My friend gave me their old laptop before they left town. I was going to install linux on it and use it for a server.
I have basically given up doing anything because the BIOS is locked with a Secure Boot supervisor password which I guess they forgot about being there.
I’ve sent a message asking if they happen to remember it and would feel comfortable sharing it if it is not one they use for anything else. But the odds of both those things being the case are slim and I don’t feel good about trying to get someone to share any password. Especially since it was so kind to just give me the machine in the first place. It’s not practical to physically get the device and the person together in the near future.
It’s impossible (or past my skill level) to install linux on this thing without the freaking password. I did manage to install windows. Last time I did that it was win2k. It will boot OK but I can’t use that to circumvent the lock. But Ubuntu and a couple other distros are no gos.
It is so fucked that computers can be rendered bricks like this. Obviously yet another way to design in obsolescence disguised as a security feature. Encryption is one thing; this is independent of any data.
Gaaaaaah I spent most of the weekend trying to install linux on this otherwise perfectly functional machine. I think it’s toast though.
A lot of the time motherboards have a two pins you can short to reset the BIOS to the factory install. Not sure if older laptops or laptops in general have them or not though.
Dell has an info page that shows reseating a motherboard CMOS battery to reset the bios https://www.dell.com/support/kbdoc/en-us/000124377/how-to-perform-a-bios-or-cmos-reset-and-clear-the-nvram-on-dell-systems
Oh actually I came across something like this for my device except it seemed like it had a high chance of error and really frying the machine so I skipped it. Maybe I will return to it assuming the password doesn’t magically appear in the near future.

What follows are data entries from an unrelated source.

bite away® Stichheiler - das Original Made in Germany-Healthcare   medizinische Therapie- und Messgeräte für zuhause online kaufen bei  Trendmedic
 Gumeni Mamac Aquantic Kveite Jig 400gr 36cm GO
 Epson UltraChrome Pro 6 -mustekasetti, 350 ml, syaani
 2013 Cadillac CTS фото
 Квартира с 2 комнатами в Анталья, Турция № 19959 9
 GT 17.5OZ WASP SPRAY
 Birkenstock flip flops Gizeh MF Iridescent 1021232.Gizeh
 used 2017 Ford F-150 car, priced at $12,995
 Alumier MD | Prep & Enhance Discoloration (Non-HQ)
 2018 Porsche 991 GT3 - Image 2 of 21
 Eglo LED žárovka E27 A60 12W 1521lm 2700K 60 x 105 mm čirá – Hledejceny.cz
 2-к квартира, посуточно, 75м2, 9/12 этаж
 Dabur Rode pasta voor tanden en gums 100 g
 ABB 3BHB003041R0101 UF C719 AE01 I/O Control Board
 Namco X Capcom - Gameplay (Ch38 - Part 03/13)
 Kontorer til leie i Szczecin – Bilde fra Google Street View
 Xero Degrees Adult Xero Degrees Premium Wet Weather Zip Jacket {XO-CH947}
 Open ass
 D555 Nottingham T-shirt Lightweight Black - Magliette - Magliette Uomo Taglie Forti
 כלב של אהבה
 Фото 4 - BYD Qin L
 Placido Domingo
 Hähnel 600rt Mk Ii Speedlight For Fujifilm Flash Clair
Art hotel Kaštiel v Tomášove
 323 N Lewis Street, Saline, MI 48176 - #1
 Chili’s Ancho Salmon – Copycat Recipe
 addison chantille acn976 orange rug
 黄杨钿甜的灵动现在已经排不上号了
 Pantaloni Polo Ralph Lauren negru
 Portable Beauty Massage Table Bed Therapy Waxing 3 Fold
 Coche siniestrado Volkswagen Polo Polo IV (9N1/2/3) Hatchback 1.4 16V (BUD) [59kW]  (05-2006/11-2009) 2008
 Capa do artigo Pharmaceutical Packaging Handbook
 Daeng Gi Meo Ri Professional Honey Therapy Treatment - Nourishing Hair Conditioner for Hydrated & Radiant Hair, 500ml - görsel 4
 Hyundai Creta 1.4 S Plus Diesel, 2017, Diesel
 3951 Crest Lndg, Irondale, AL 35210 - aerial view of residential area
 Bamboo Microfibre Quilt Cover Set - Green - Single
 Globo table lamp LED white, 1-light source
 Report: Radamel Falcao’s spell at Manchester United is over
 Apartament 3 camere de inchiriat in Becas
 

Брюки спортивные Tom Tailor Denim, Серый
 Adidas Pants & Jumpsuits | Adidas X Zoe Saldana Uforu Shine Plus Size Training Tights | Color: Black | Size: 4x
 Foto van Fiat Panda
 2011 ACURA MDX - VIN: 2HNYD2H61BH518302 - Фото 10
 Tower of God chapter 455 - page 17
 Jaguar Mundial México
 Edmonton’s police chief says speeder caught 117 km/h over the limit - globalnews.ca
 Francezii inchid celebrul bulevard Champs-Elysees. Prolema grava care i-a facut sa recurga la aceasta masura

I did try removing both batteries and the RAM and letting it sit for a few hours in hopes it would reset because I read something on a forum about that. I wasn’t too hopefully it would work and it sure didn’t.
It’s not really likely to fry anything. The CMOS battery is separate from the device’s regular batteries, it’s usually a little watch battery, there to keep bios settings and run the clock.
glans is probably talking about jumper pins located on the board to reset the password, which could cause some troubles if you jump the wrong pins, though probably not complete machine death.
Modern dell machines will require you to call in to support, where you give part of the serial and they give you a master unlock.
Gone are the days of the cmos reset. The sysadmin at work was fired for being racist, then asked for a consultants fee to unlock the machines he didn’t write down the passwords for.
yeah but in this case, it was like 50 mini workstations so it’d basically be replacing all 50 machines.
My machine is Acer and apparently you can bring it to an “acer service centre” (whatever that is) and they will fix for a fee rumored to be about $100.
I once bought a 2014 era thinkpad laptop that was locked with a supervisor password and I was able to remove it by using tweezers to short 2 pins on the password chip.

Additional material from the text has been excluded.